'We’re gonna liberate the shit outta you' is the tagline for David Michôd’s satirical war film War Machine. It stars Brad Pitt, Tilda Swinton, Ben Kingsley, and Anthony Michael Hall and is about how a general finds ending a war much harder than just ceasing the fighting. The star of the film isn’t its principle cast, nor its ability to follow in Slaughterhouse V, MASH and Catch-22's footsteps by showing the absurdity of war. No, it’s the score. This is handled by Nick Cave and fellow Bad Seed member Warren Ellis – their twelfth score and arguably their best.
'It is always helpful to be pushed into different worlds that are unique and unknown,' Cave and Ellis recently said. 'War Machine demanded a wholly different type of score than we had previously done. Together we made a score that was both light and dark, propulsive and meditative at the same time. We developed a kind of "spiritual electronics" that captured both the melancholy and the terrible absurdity of the Afghan war. It was a great pleasure to work with David Michôd, who is not only an extraordinary filmmaker but a musician too. Our favourite score!”
War Machine opens with ‘Ah America’. This is a slow burning, ethereal, track that gently suggests that this is isn’t going to be a bombastic as The Assassination of Jesse James by the Coward Robert Ford or Lawless… and shows that Cave and Ellis have more to offer than searing soundscapes.
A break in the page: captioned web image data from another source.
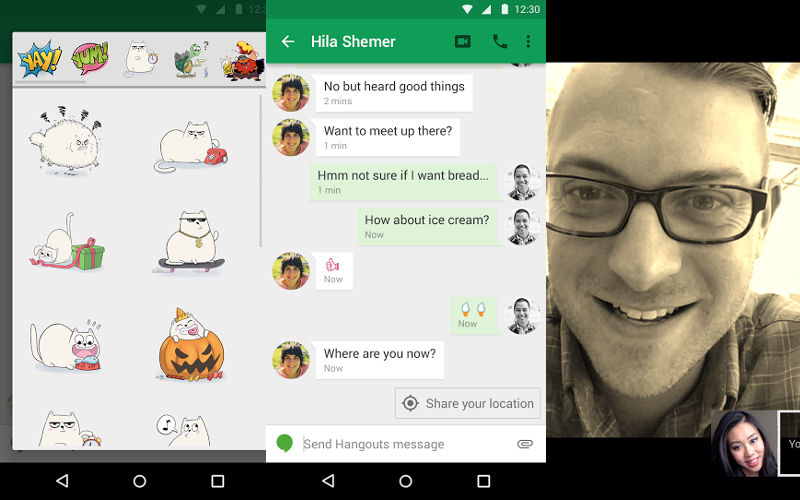 Google Hangouts news, Changes in Android apps, Messaging video calls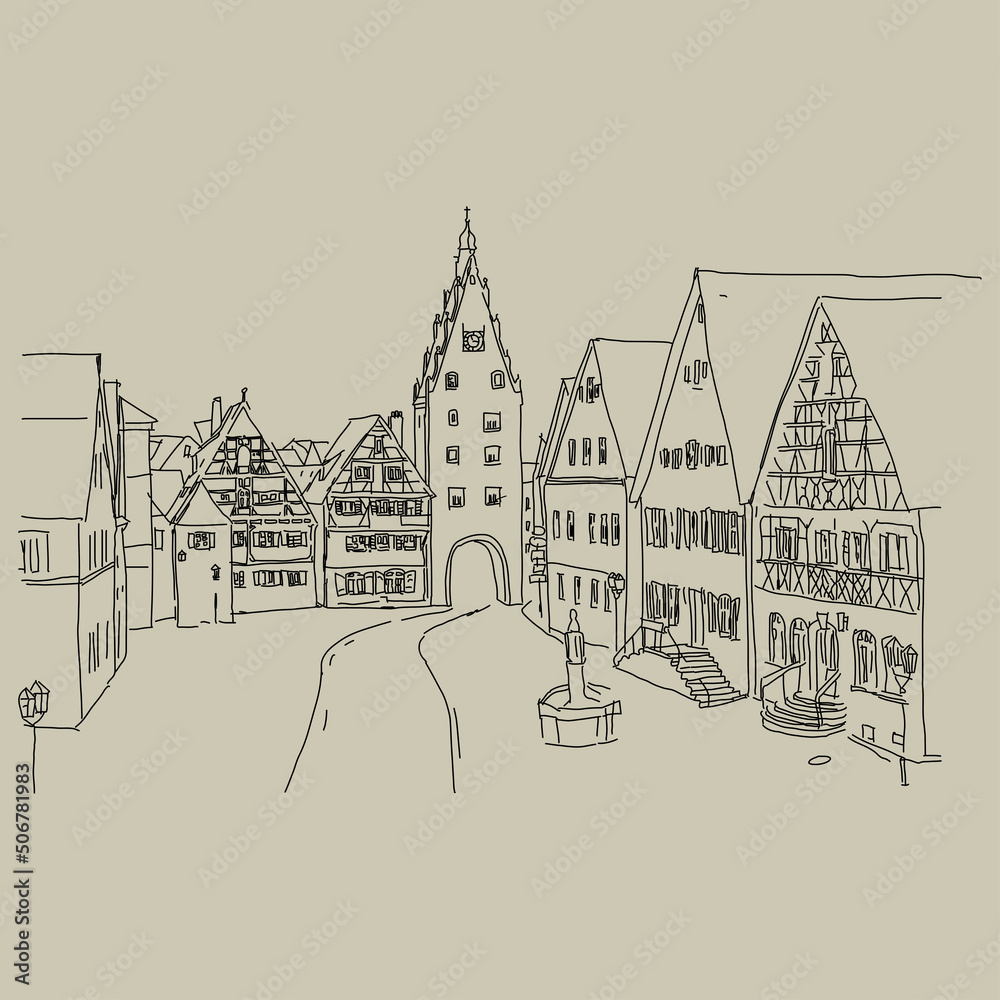 Illustration of Medieval old street with traditional German houses in Monheim am Rhein, Germany 
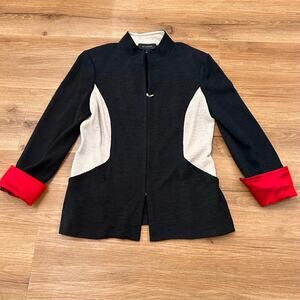 St. John Sport Knit Jacket Sz 10 Black Zip Front Wool Blend USA Pockets -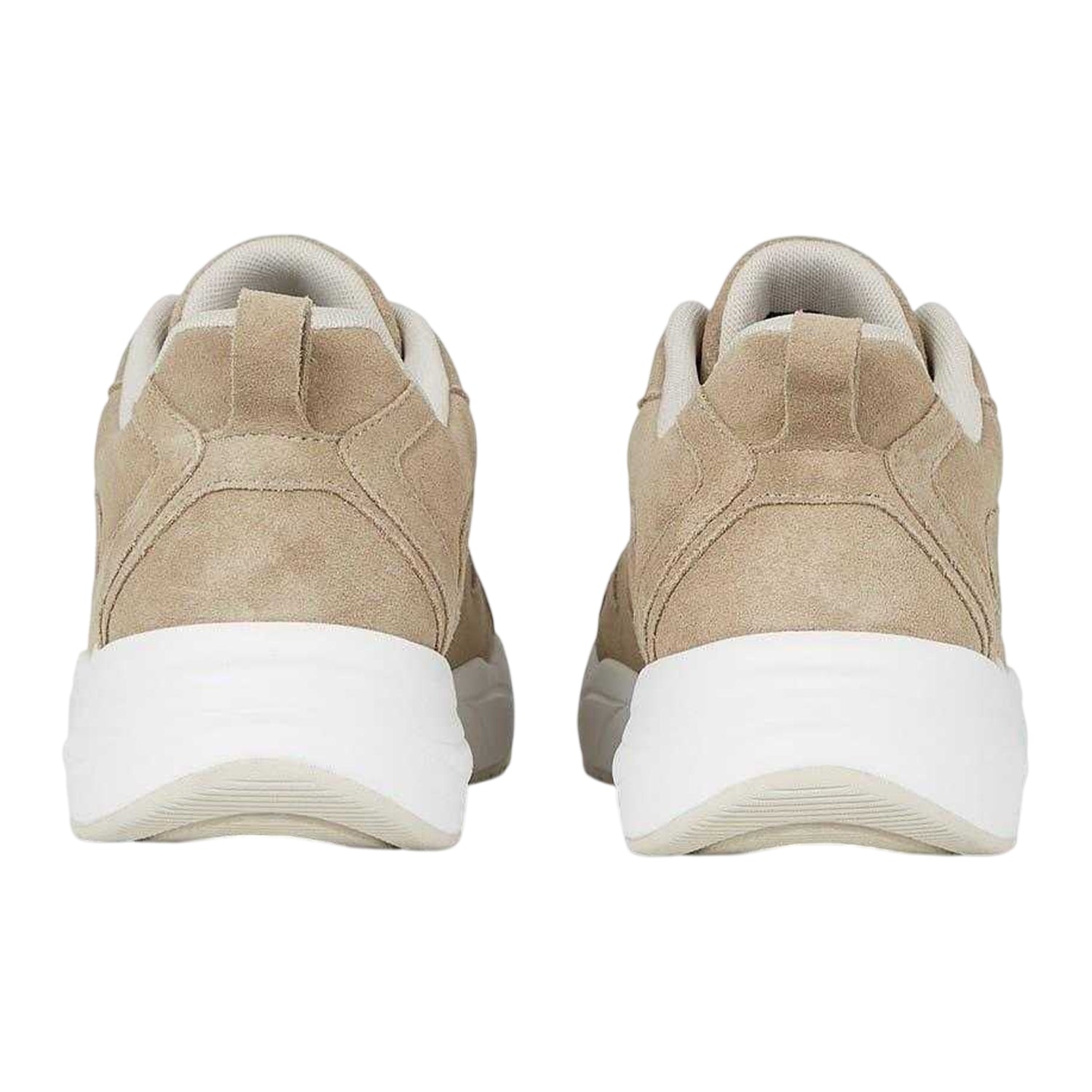 Beige-White - Back - Calvin Klein Mens Retro Suede Trainers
The strand out track on the album is ‘Humble Man’. Throughout its three-and-a-half minutes it feels like a lost Beatles track from their time in India. Delicious harmonies swell while throbbing ‘spiritual electronics’ keep the track moving along. ‘Marjah’ is another tour de force. It is chock full of wonky melodies and woozy synths. As it undulates, you are thrown into a feeling of unease and unrest. ‘The Hand of Helping’ continues what ‘Humble Man’ started with a more ethereal feel. This really works for the song as it gives it a lurid and dream like quality. The album ends with the title track, ‘War Machine’. Its inclusion at the end feels right. If the album had opened with this, it would have been strong, but the conclusion might have felt like a let-down. ‘War Machine’ takes the themes and ideas for the previous 18 tracks, and manages to combine them to create something that not only is cohesive but sums up the whole score, and film.
Cave and Ellis aren’t the only musicians on this album. Roedelius has four tracks, ‘In Lieve Dein’, ‘Kamee’, ‘Fabelwein’ and ‘Staunen Im Fjord’. These tracks have a more organic feel and help to break up Cave and Ellis’s more rarified notes, though it's a subtle touch, and is so in keeping with the previous tracks, that you might not realise that Cave and Ellis aren’t the musicians.
War Machine doesn’t sound like a typical Cave and Ellis score. It feels like they’ve fallen back in love with not only music, but scoring films. Every track feels epic, but understated at the same time. When listening to it at work, on the bus, or at home the music never dominates you 100%, as a John Williams or Alexandre Desplat score can do, instead it sits just behind the scene, or your life, and accompanies it perfectly. And this is what a classic score should be able to do. Its job is to enhance the story, add an emotional impact to the scene, but never steal focus from it. This is done through delicate motifs and intricate rhythms being peppered throughout the score. A deep melancholy permeates it too, this plays is a perfect counter to the subject matter, a satirical film about the Afghanistan War. The scores to the films Catch 22 and Slaughterhouse V worked well due to the starkness of the music, but War Machine adds light and dark flourishes. This is the work of musicians who not only understand how to craft incredible pieces of music, but totally understand the genre they are working with. Whatever happens with Nick Cave and the Bad Seeds going forward, let’s hope that Cave and Ellis continue to create exquisite scores like this.